We were sitting in the grass, and I was looking at your feet and feeling shy. You asked me what I did all day, and I told you about school. But I forgot to tell you about the other people I see every day, these people I don't know, but love anyway.

2.
My parents are visiting from Wisconsin for the weekend. They got in late last night and this morning they took the subway down to Park Slope. I watch them as they cross the street, my mom such a sweet smiler, hurrying across the street, my dad, grumbling and purposeful in his street crossing. They get to the corner where I'm standing. We are all grinning. "It's our Sesa," my mom says, using my childhood nickname. I throw my arms around them.

We spend the early afternoon at the farmer's market and walking through the park, my arm around my dad's shoulder for a while, then my mom's. It's a lovely fall day and we are walking and laughing and I'm so happy to see them I feel shaky. In the park, we run into two kids in my class, or rather they run into us; we are talking on a park bench and making fun of the recumbent bikes. My parents, as always, are charming conversers. They talk to the kids' parents, offering advice and anecdotes and kindness; the kids, for their part, are completely floored by the fact that not only do I have parents, but I go to the park, and I drink apple cider. Talking to them, I remember a time I saw my third grade teacher buying broccoli at the grocery store and was shocked for days that she had a life outside of school. And that it involved something so specific as the cooking and eating of vegetables. My mom walks through the park observing little things everywhere. Today I notice the way she talks about these things the way someone else might suddenly realize they have their mother's eyes or their father's nose; I see the same kind of things she does and I talk about them the same way. We are both fascinated with small things, and little changes: the leaves turning red on just one branch of a tree, the way the bees have slowed down in the cooler weather and seem to be flying in slow motion, a picnic basket being carried by, the dragonflies flitting crazily around the meadows.

Later in the afternoon, my parents go off to a show near Union Square with a friend of mine, and I go off to meet friends at Greenwood cemetery. The catacombs are open today, which doesn't happen often, and I want to see them again. We wander through the graves, not talking much. There is mysterious piano music coming from somewhere, and we walk over hills and down little paths, making a game out of finding it. The music leads, as we suspect, to the Steinway family tomb, which is open today too. There is a piano player outside (the source of the music), and we consider asking her to play some Billy Joel. The catacombs are beautiful, and today, they echo with the voices of people helping out with the tour; they are reciting the names of people interred there. Gary takes my picture in one of the little rooms that line the corridor, and the result is the kind of camera shy moment I've gotten used to after this many years: eyes ridiculously wide and a little wild. Uncertain whether to smile, what kind of smile.

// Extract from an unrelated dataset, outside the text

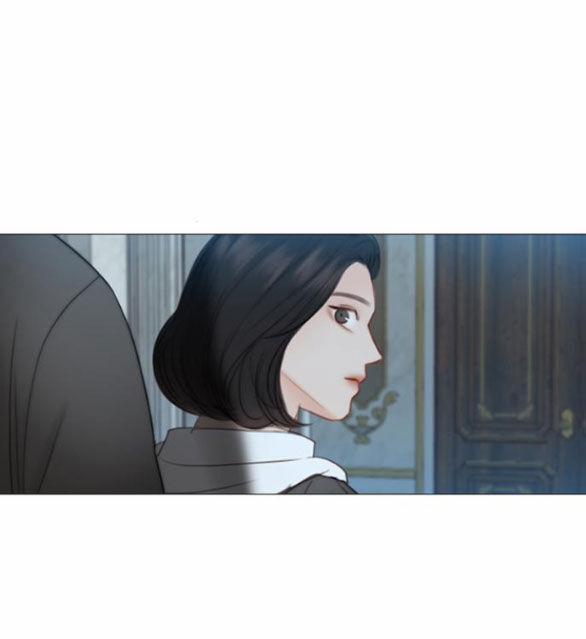 Serena 43.1 trang 21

We throw ourselves down in the grass for a while, reading the inscriptions on ancient tombstones and looking around. Using my bag as a pillow, I lie back and look up at the sky, which is gray and bright at the same time. The grass is soft and long. I think: it would be so easy to fall asleep now. But I don't have time. It's quiet here, and beautiful, a perfect fall afternoon, and I can't stop smiling.

I meet my parents in the city for dinner, and afterwards, we stroll through the East Village. They are full of questions about the neighborhood and the buildings we pass. Then it gets later and they are ready to leave for their old and familiar hotel on the upper west side, the one they have been staying in since I was 7. I am going back to Brooklyn, and I am eating the cream puff I just bought from the Japanese cream puff shop on Broadway, Beard Papa's, and as always, I am clumsy and full of pastry concentration. There is powdered sugar everywhere, drifting down onto the platform where I am waiting for the subway. Then there is movement in the corner of my eye and I look up, startled. My mom is standing across the station, on the opposite platform. She is beaming. Through the artificial glare of the subway station lights, my parents and I wave and wave to each other. Then the uptown R train thunders into the station, and out again, and they are gone.

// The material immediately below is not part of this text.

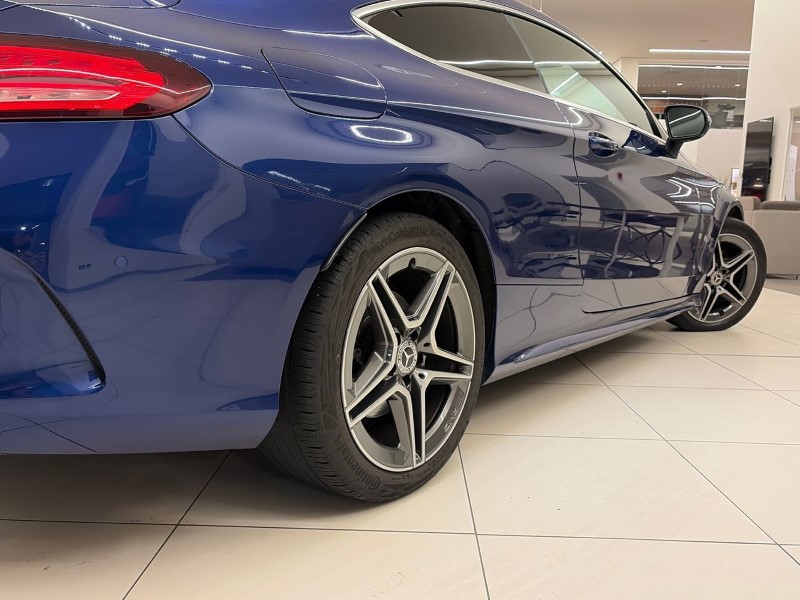 Used Jaguar F-Type 2019 for sale - 77044715: Photo 50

*This update typed while watching bad movies with Troy, Katie, Brian and Jacob.

Sunday, October 03, 2004

I sometimes forget just how seldom you cry

A fall Saturday.

Sean Howe manages to get us two precious film festival tickets to David Gordon Green's new film, _Undertow_. He knows what a nice gift this is to me, but doesn't say anything; Sean Howe is modest. George Washington (the first movie by this same director) is my favorite movie, so dearly loved that my hands sometimes start to shake while I watch it. Sean has trouble sleeping lately. He is up early, exhausted, and stares at the ceiling, thinking. On the subway, his eyes are heavy-lidded. Loafing back in his seat so far it looks like he might fall out, he speaks of sleep longingly. The movie is good, but not great, and the image of a nail going through a boy's foot haunts me through the entire thing, and all the way home on the subway as well. On the 2 train, I watch as newcomers at each stop blink in alarm at the bright lights. Some seem to wake up in the light, bursting into conversation. Others seem to be shut down by it, frowning and slouching and closing their eyes. A group of teenage girls, on their way to a party, start singing. The song fills the whole car. It could go either way for us, the other riders in this car; we could accept this late night intrusion, maybe even embrace it. Or we could frown, mutter, try to stop it. I glance around at the other passengers. There is a pause. It's a nice night, warm and calm. Slowly, everyone begins to smile, and nod.

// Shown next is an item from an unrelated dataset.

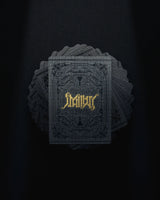 The Ultimate Deck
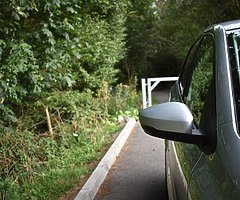 volkswagen polo - Image 4/10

It's two in the morning, and there are cds scattered all over the floor. I make myself a drink and dance alone, biting my lower lip in concentration, while a Tommy Dorsey record plays. After a while, the drink is missing, and I'm still not sure even now where I set it. I spend a while looking, clapping my hands as I walk from room to room, as if the drink will respond. Then, rather suddenly, I swoop up my keys with one palm and walk out the door for a walk in the neighborhood. I've been taking walks like this a lot lately. On Seventh avenue, late at night, it's hardly different than the downtown of my small hometown; only a few cars go by, even fewer people, and there's a calmness so startling the air pressure seems to have changed. Tonight, I head around the corner of Second street, past the flowers that have been set there in memory of someone who was shot the other night. From my bed, in the early morning hours, the gunshots sounded like firecrackers. The playground at PS 321 sits deserted in the brown light of Brooklyn nighttime, and I sit down on the slide and read a pizza menu that's on the ground. It's getting cooler, which fills me with autumn giddiness, but makes me tired too, and I lean back on the slide and look at the sky and listen to plastic bags and newspaper blow around the school yard. I close my eyes and suddenly it's half an hour later. I brush a hand across my face, to wake up, and my lips have gotten cold. There's a gray and white cat sitting by the entrance of the yard, watching me. Before I get up, and walk home again through quiet streets, I lay still for a moment, looking up at the tops of the trees next to the school. The wind has picked up even more, and if you close your eyes, it could be the middle of the park, the middle of the woods. The middle of nowhere. When the sun comes up, the Packers will lose again, and brunch will be served, and this slide will be covered with books and political buttons for sale at the flea market. But for now, there is just this wait, this quiet, my tired feet dangling from the end of the slide.

*This update typed while listening to George Baker sing Little Green Bag, over and over.